I have a veggie husband.....yep Pete is a veggie.....he always has been....for over 30 years....and yes I grow meat.....
I have had some interesting anonymous comments posted on the blog from those who want to bash me for murdering my animals, causing climate chaos or a combination of the 2!.....I usually delete them as they cannot be bothered to leave their name or because they are rude!
So I got to thinking and doing some asking around.....what do people really know about ruminants....the vegetarian grazing animals with 4 stomachs that include cattle, sheep, goats, deer, buffalo and antelope to name a few!
They are animals designed to graze and browse large quantities of plant matter, then sit down and regurgitate it, re chew it (chewing the cud) and then swallow it again.
They all belch methane as part of their digestive system....
So why are cattle suddenly so bad, why are we all supposed to go veggie and is it as simple as all that to stop greenhouse gas?
Wellllll.....noooo!
Lets look at it bit by bit...
Cattle (and other ruminants) are designed to eat herbage....grass etc....and if that was all they ate plus hay in winter when the feed value of grass was low, they would be ok, if given a huge area to roam.....about 4 acres per cow...They would be able to produce and feed a calf, but that would be it....just like a bison or buffalo.
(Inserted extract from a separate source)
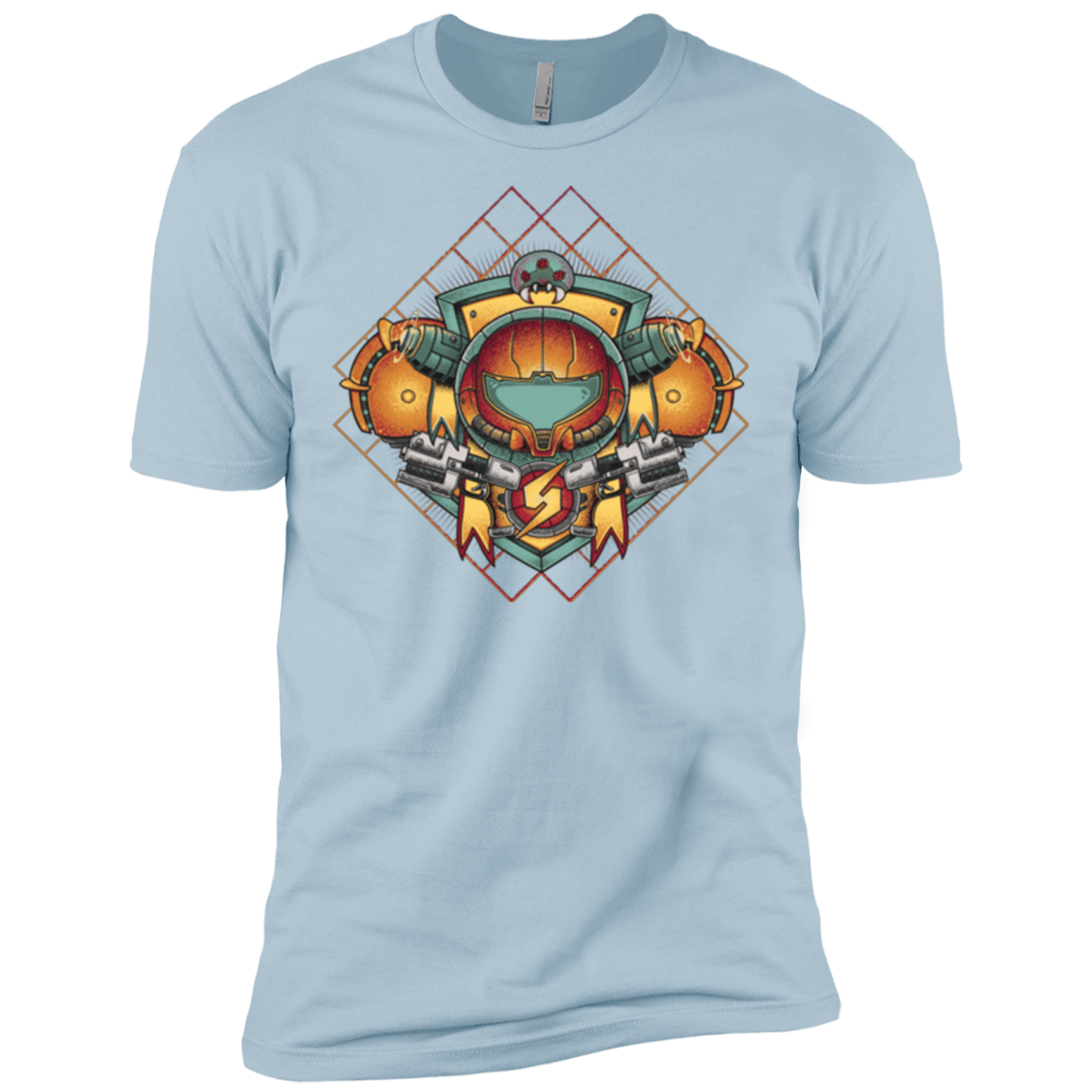 T-Shirts Light Blue / X-Small Samus crest Men's Premium T-Shirt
However man has developed 'breeds' of cattle accentuating their atributes for rapid growth, big muscules and milk and as a result we have beef cattle such as the Hereford that produces only enough milk for its calf but puts on loads of meat!.....it has a good frame designed to carry beef!
On the other hand there is the Fresian that is a large bony cow that produces lots of milk ....more than a calf can manage and often if not milked for humans can suckle 2 or 3 calves!(not its own as cows generally have one - foster calves!)
So we have beef and dairy cattle.
All cattle breed annually with a gestation of 9 months...so eah year a cow will calve and if a beef breed she will raise her calf and if a dairy breed she will not as the milk is needed for the milk and dairy products industry....
Now the beef cow and calf will be kept extensively on lots of grass, and little corn/grain feed will be given....therefore less methane will be produced as more grain fed to cattle = more methane produced by the digestive system!......The calf will grow on and eventually become prime steak etc!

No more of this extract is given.